最後に扉越しにステラの声を聞いた時、確かにステラが血を吐く音を僕は聞いていた。その後、さらに血の匂いがしたので、僕はステラの制止を聞かずにあの時、扉を開けたのだ。
だが、そこにはステラはおらず、代わりに血塗れのリタが立っていた。
ふと、そこまで考えて、あの時のリタのことをよく思い出してみる。
彼女の口からも血が流れており、まるでステラと同じように吐血した後のようだった。
それに彼女が着ていた服は、ステラとはサイズが違ったので、ぱっと見はわからなかったが、あれはステラが着ていたワンピースと同じだったのではないだろうか。
リタとステラは確実に鉢合わせている。
そこから2人がどんなやり取りをし、どうなったのか僕にはわからない。
ステラは最初から何故かここから離れたがっていたので、もしかしたら僕が部屋に入ってきたタイミングでどこかに隠れ、そのままリタの混乱に乗じて逃げた可能性だってある。

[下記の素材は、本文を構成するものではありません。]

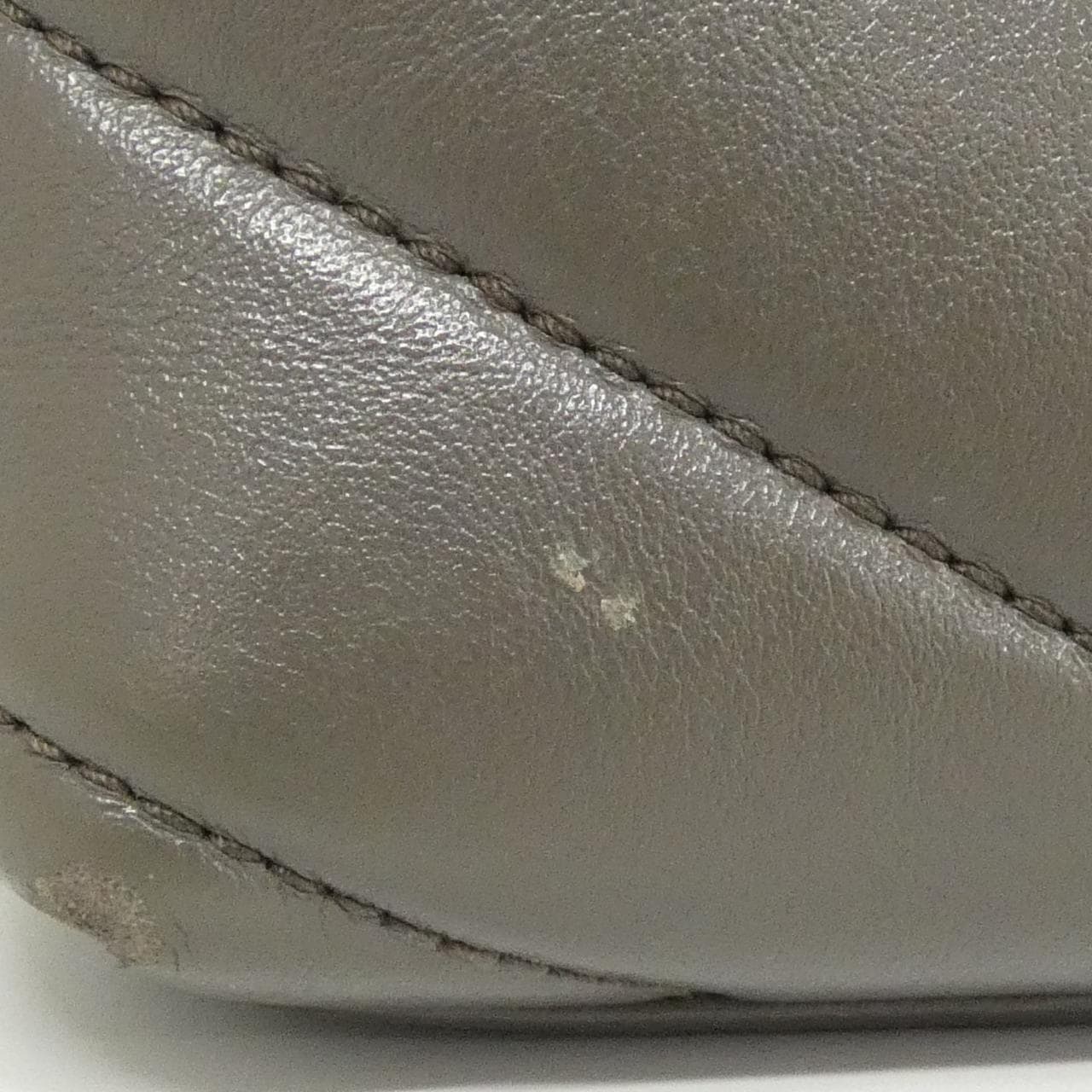 サンローラン ルル トイ バッグ 467072 DV706 ショルダーバッグ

それでも何故か僕は2人の関係を疑わずにはいられなかった。
「ステラの部屋に血があっただろう?あれは採取した?」
「はい。何かに繋がる可能性があったので念の為に採取しております」
「さすが。有能だね、ピエール。それを調べて。できるだけ早く」
「わかりました」
僕の問いかけに簡潔に僕の望んだ答えを返すピエールに僕は満足して笑みを深める。
まだ僕の手の中には手がかりがある。
あの部屋にあった血はおそらくステラとリタ、両方のものだ。時間はかかるが魔法を使えば、2人の血を分け、分析することもできるだろう。
それができれば2人の関係性も見えてくる。
「やらなければならないことは山積みだけど最優先すべきことはステラの保護だ。人手は多い方がいいだろうからフランドルにも連絡を入れよう」
僕はピエールたちにそう言うと、いつものように余裕のある笑顔を作り、浮かべた。
まずはステラを保護するべきだ。
あの状態のステラを1人にしておく訳にはいかない。
ステラを保護する為なら持てる力全てを使おう。